La sola idea che si debba tornare ad affrontare una guerra in Europa è una autentica follia. Gli eserciti che si fronteggiano costano alla vita delle persone un prezzo enorme anche se non si arriverà alla guerra guerreggiata.
L'art. 11 della nostra Carta Costituzionale sancisce un principio forte - “L'Italia ripudia la guerra” - che non può essere interpretato a piacimento. Il nostro Paese non ha in nessun caso l’opzione violenta come ammissibile. Siamo per la Pace sempre e non ci riconosciamo in governi e alleanze che perseguono il dominio contrapposto sul mondo. Con le guerre non c’è nessuna possibilità di risolvere i problemi di povertà e di difendere i Diritti Umani. Non c’è la possibilità di concentrare gli sforzi contro la pandemia e per risolvere i problemi della gente. Anzi si scaricherebbe su di tutti una catastrofe umanitaria, una crisi energetica ed economica di proporzioni incontrollabili. Per questo chiediamo il massimo impegno dell'Italia a bloccare la corsa verso il conflitto armato in Ucraina. Riteniamo inaccettabile la propaganda bellicista a reti unificate a cui siamo costretti ad assistere e che tratta vicende drammatiche come quelle delle popolazioni di confine del Donbass con il cinismo e la spietatezza di quei potenti che le guerre le decidono per poi mandarci a morire la povera gente.

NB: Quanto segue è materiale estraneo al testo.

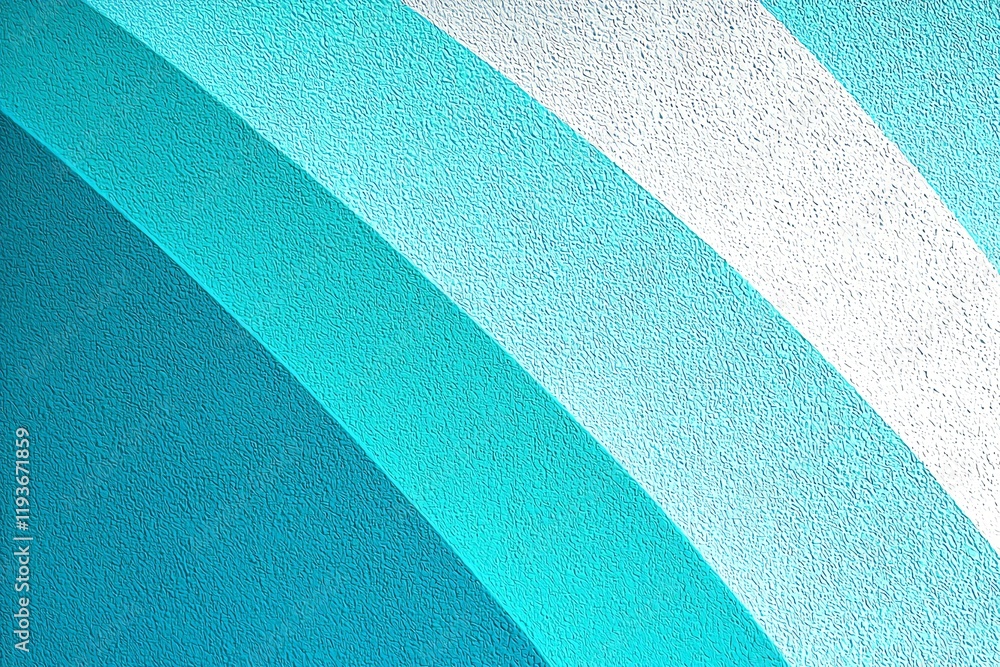 Poster this abstract image features wavy patterns in shades of teal, white, and turquoise, creating a vibra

Il coinvolgimento della NATO non ha alcuna giustificazione, anche rispetto al suo statuto, se non per mostrare ancora una volta la propria connotazione imperialista, aggressiva e prevaricante. In questa crisi, inoltre, gli Stati Uniti stanno esasperando le tensioni, tanto da poter provocare il passaggio al conflitto armato e la Russia non si astiene dal manifestare una pericolosa prova di forza.
Diciamo no all'estensione della Nato all'Ucraina e al posizionamento di nuove armi nucleari Usa in Europa. Partendo dall’attuazione dell’accordo di Minsk, occorre negoziare una posizione di neutralità per l’Ucraina e non di avamposto militare della Nato ma terra d’incontro fra Russia (CSI) e Unione Europea (UE).

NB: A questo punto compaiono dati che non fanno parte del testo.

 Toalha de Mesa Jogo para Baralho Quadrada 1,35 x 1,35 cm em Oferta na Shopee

Auspichiamo, inoltre, che il ruolo dell’UE si caratterizzi autonomamente e decisamente per il mantenimento di relazioni pacifiche e di cooperazione tra i popoli. Solo la neutralità, come valore irrinunciabile, può scongiurare questa guerra: una neutralità da costruire con accordi politici e non con prove di forza. Sarebbe una pericolosissima regressione storica se la crisi sfociasse in una nuova guerra che avrebbe conseguenze devastanti per tutto il mondo.
Chiediamo all'Italia e all’Europa di adoperarsi convintamente nelle sedi diplomatiche per evitare il conflitto.